Table 3 presents descriptive statistics on the control variables used in regressions of spreads and default probabilities, which we borrow from extant empirical research.

Based on insights from structural models of credit risk, empirical studies of spreads control for leverage, volatility, debt maturity, and various macroeconomic factors, in particularly those related to the term structure of interest rates (e.g., Collin-Dufresne, Goldstein, and Martin (2001)). We estimate the (quasi-market) *leverage ratio* as the book value of total debt divided by the sum of the book value of debt and the market value of equity. Another factor featuring prominently in credit risk models is the *volatility of assets*, which we estimate as a weighted average of the 3-year volatility of equity and the volatility of debt by rating, as suggested by Schaefer and Strebulaev (2008). To further control for the effects of volatility and leverage beyond the simple linear dependence, we include the distance to default, which is a volatility-adjusted measure of leverage based on Merton’s (1974) model of credit risk. Specifically, we use the simplified (‘na¨ıve’) *distance to default* measure suggested by Bharath and Shumway (2008), which they find to outperform other, more sophisticated proxies. To control for the term premium in corporate bond yields, we use the average remaining time to maturity of all sample bonds outstanding for the firm at each observation date. We include the logarithm of total book assets to control for all influences that the firm’s size may exert on debt spreads. In some of the regressions we also use dummies for the firm’s senior unsecured credit rating (AAA, AA+, AA, AA–, . . . , C), which summarizes the credit agency’s opinion of the firm’s creditworthiness and incorporates not only its financial characteristics but also industry conditions and other, frequently soft, information.
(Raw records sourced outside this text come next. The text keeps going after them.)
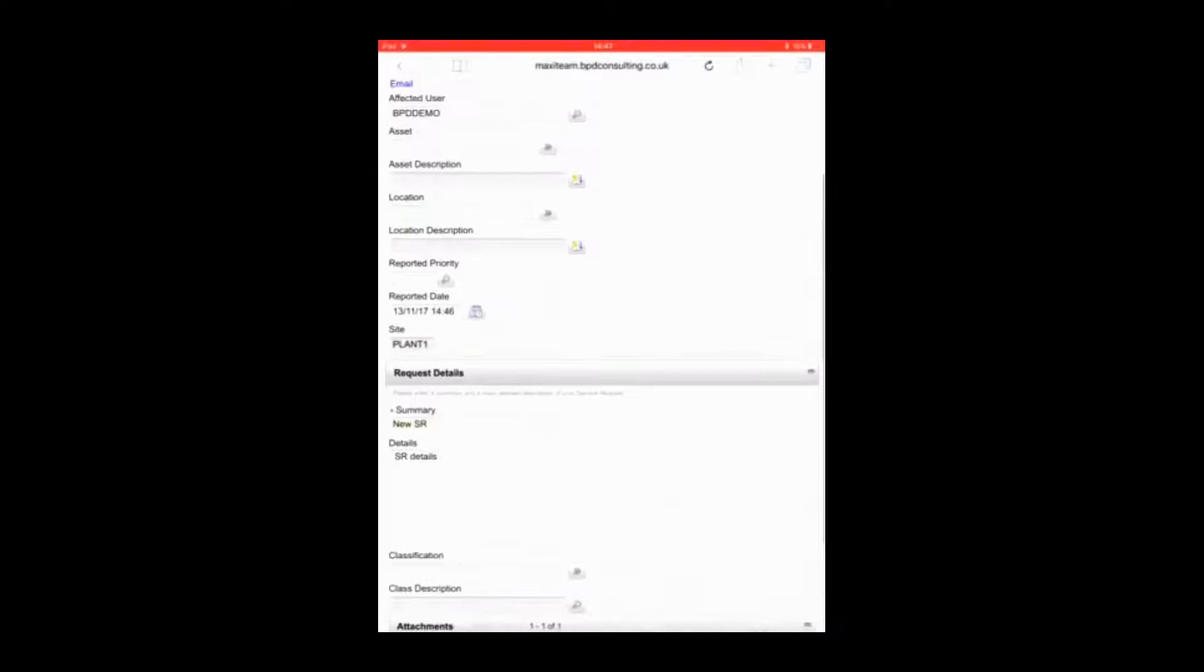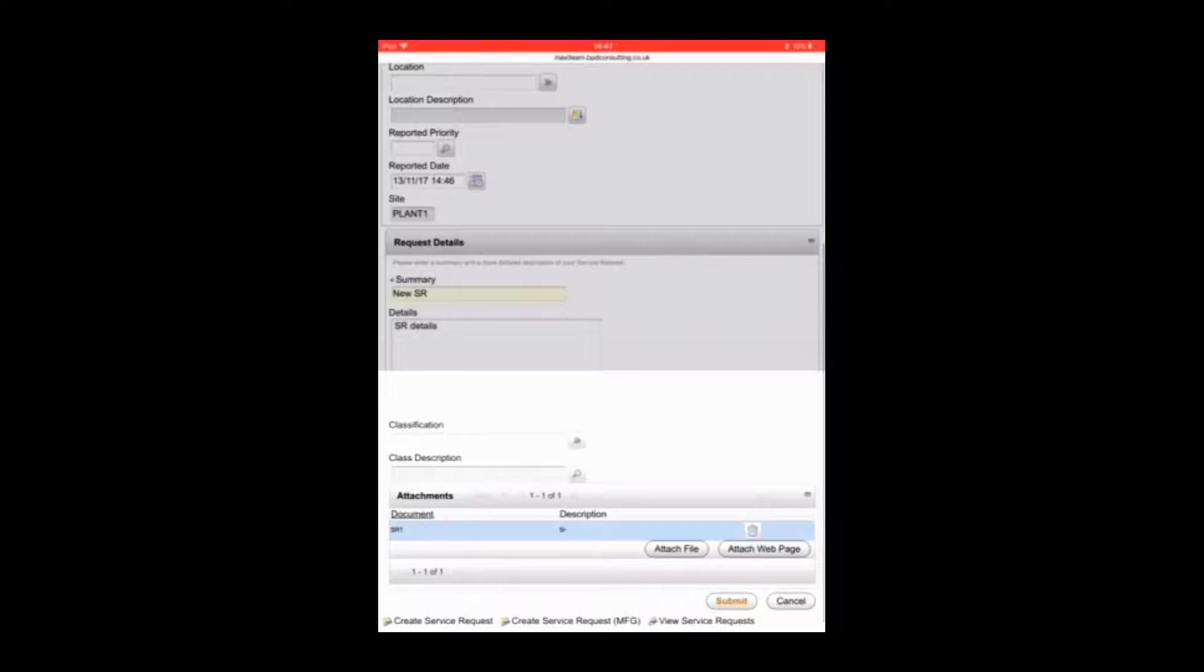Now you can see that there is a photograph in the attachments. So we can submit this service request and that service request has been submitted and will appear in Maximo on the desktop with the photo attachment.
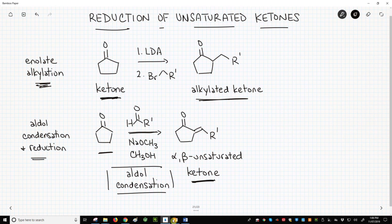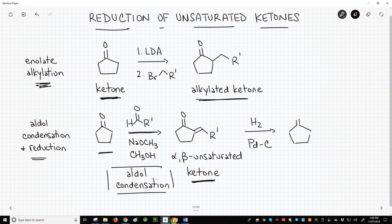Lots of early chemists took these unsaturated ketones and reacted them with hydrogen and palladium on carbon to reduce the alkene to an alkane. What is the net result? Well, we've accessed the exact same alkylated ketone that we could obtain through the LDA route on the top line.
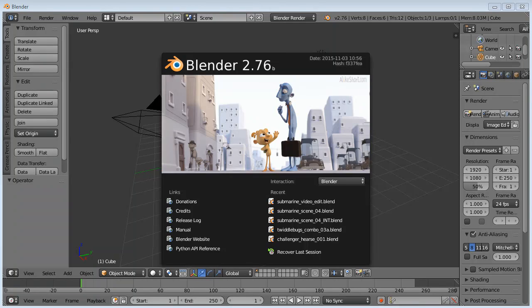Hello and welcome to another Blender tutorial series. This is David Ward and in this tutorial series I'm planning to build a house.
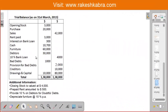Here we have a trial balance and additional information. First we will go through the trial balance as on 31st March 2013 and review the items in it.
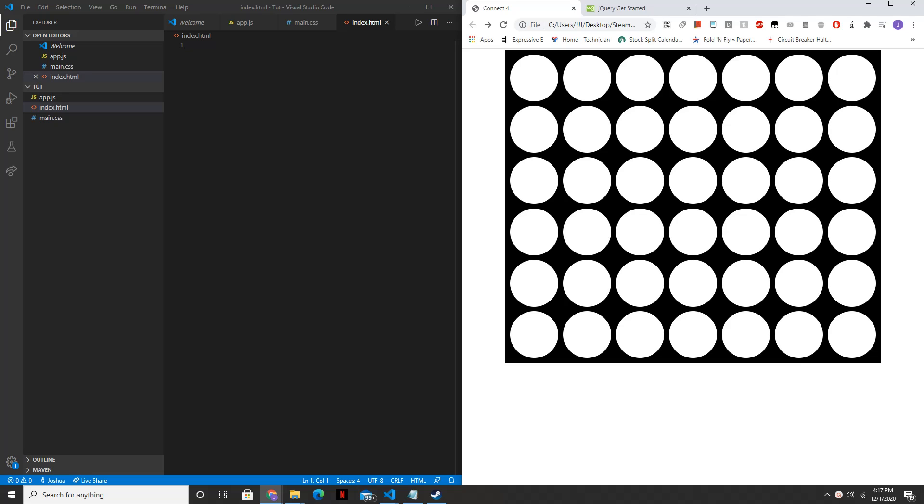Hello everyone, welcome back to Steam Code. Today I'll be showing you how to make a very simple game of Connect 4 in JavaScript and HTML.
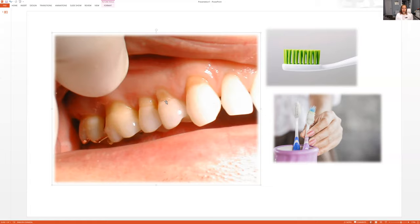So use a soft toothbrush and just be conscious not to brush too hard. Your teeth will feel clean afterwards, even with a soft toothbrush and not brushing too hard. I promise your dental hygienist will love you.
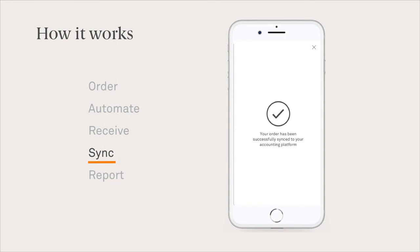After an order is received, inventory and cost price are automatically updated and purchase orders sync directly to your accounting package.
Finally, Collin-Dufresne, Goldstein, and Martin (2001) find that a significant part of monthly changes in spreads is driven by systematic factors. We follow their study in controlling for the risk- free interest rate (using the 10-year constant-maturity Treasury rate), the slope of the yield curve (the difference between 10– and 2-year Treasury rates), the VIX index to control for market-wide volatility, the monthly S&P-500 return, and Jump, an option-implied proxy for the probability and magnitude of a large negative jump in value.^{24}

Empirical default-predicting models identify a large number of accounting- and market-based variables related to default. We re-estimate two of the best-known models, those of Altman (1968) and Zmijewski (1984), as well as one that uses the Expected Default Frequency (EDF) from MKMV. Altman’s *z*-score includes *WC/TA* (the liquidity proxy), as well as *RE/TA* (Retained Earnings over Total Assets), *EBIT/TA* (Earnings Before Interest and Tax over Total Assets), *ME/TL* (equity market capitalization over Total Liabilities), and *S/TA* (Sales over Total Assets). Zmijewski’s model includes the current ratio *CA/CL* as the liquidity proxy, *NI/TA* (net income over Total Assets), and *TL/TA* (Total Liabilities over Total Assets). Finally, we estimate a simple model that uses the quick ratio *QA/QL* as the liquidity proxy and the *EDF* from MKMV as a summary measure of credit risk. MKMV estimates the EDF based on the firm’s equity prices and liability structure using a version of the Merton (1974) model in conjunction with a proprietary data set of defaults (Crosbie and Bohn (2002)). Hillegeist *et al.* (2004) and Bharath and Shumway (2008) show that variants of this variable are strong predictors of default. As is common in such studies, we winsorize all variables at the first and 99th percentiles.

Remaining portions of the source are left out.